Margarida Gil
“Cientistas afirmam que descobriram uma forma de transformar células de pele de pacientes com insuficiência cardíaca em células saudáveis de tecido muscular do coração.
“Cientistas afirmam que descobriram uma forma de transformar células de pele de pacientes com insuficiência cardíaca em células saudáveis de tecido muscular do coração.
A
experiência consiste em utilizar células do próprio indivíduo, o que evita
problemas de rejeição de tecidos, como explica o artigo publicado no
"European Heart Journal".” Assim começava a notícia que, no dia 24 de
Maio de 2012 foi apresentada no Jornal de Notícias
O estudo denominado “Derivation and
cardiomyocyte differentiation of induced pluripotent stem cells from heart
failure patients” (Fig. 1), demonstra que a criação de
células estaminais pluripotentes induzidas, em doentes com insuficiência
cardíaca grave, podem ser diferenciadas em cardiomiócitos viáveis e funcionais,
que integram o tecido cardíaco hospedeiro.
Fig. 1 – Artigo
em análise
As células estaminais podem ser de três tipos: embrionárias, pluripotentes
induzidas ou adultas, sendo que as suas características estão descritas na
Tabela 1.
Fig.2 – Propriedades das células estaminais
O trabalho com
células estaminais embrionárias (células ES, Embryonic Stem cells) de ratinho
abriram o caminho à investigação das células ES humanas que, dada a sua
capacidade de autorrenovação e diferenciação, têm um elevado potencial para uso
em terapia celular.
Para além das
células estaminais embrionárias, há ainda as células estaminais ‘’adultas’’,
que servem para manter as funções dos tecidos e órgãos onde estão presentes,
bem como reparar lesões nos tecidos em caso de trauma. (Fig. 3)
Fig. 3 - Fontes
de células estaminais embrionárias e adultas
Recentemente
foi descrita a criação de células estaminais pluripotentes induzidas (iPSC,
induced pluripotent stem cells) a partir de células somáticas humanas ou de
ratinho através da expressão forçada de fatores de transcrição definidos como
essenciais para a manutenção do estado de pluripotência das células ES. A
reprogramação de iPSC permite a obtenção
de células com as propriedades únicas das células ES, a partir de células
diferenciadas adultas do próprio paciente.
A
diferenciação das células estaminais humanas em cardiomiócitos surge como uma
possível solução para a regeneração do tecido cardíaco, bem como a sua
capacidade para melhorar a função cardíaca em modelos animais.
Os cardiomiócitos são as
fibras musculares cardíacas (Fig 4), normalmente uninucleadas, ramificadas, com
muitas mitocôndrias e sarcoplasma rico em colagénio.
Apresentam
discos intercalares, que fornecem pontos de fixação para as miofibrilas.

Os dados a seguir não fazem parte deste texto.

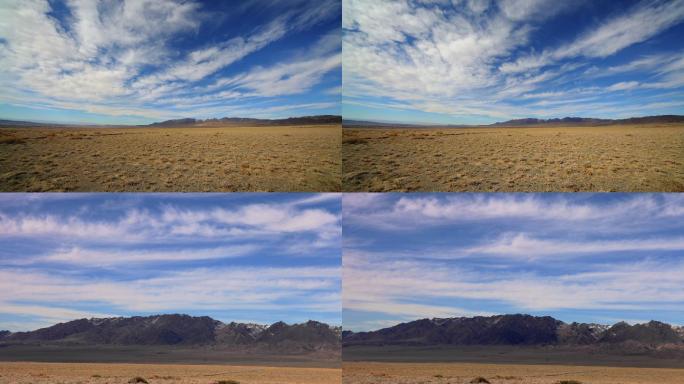 新疆戈壁滩蓝天白云延时摄影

Permitem a disseminação extremamente rápida dos estímulos contrácteis de uma
célula para outra (fornecem áreas de baixa resistência elétrica para a rápida
propagação da excitação por todo o miocárdio) ® desse modo, as fibras adjacentes contraem-se quase
que simultaneamente, agindo portanto como um sincício funcional.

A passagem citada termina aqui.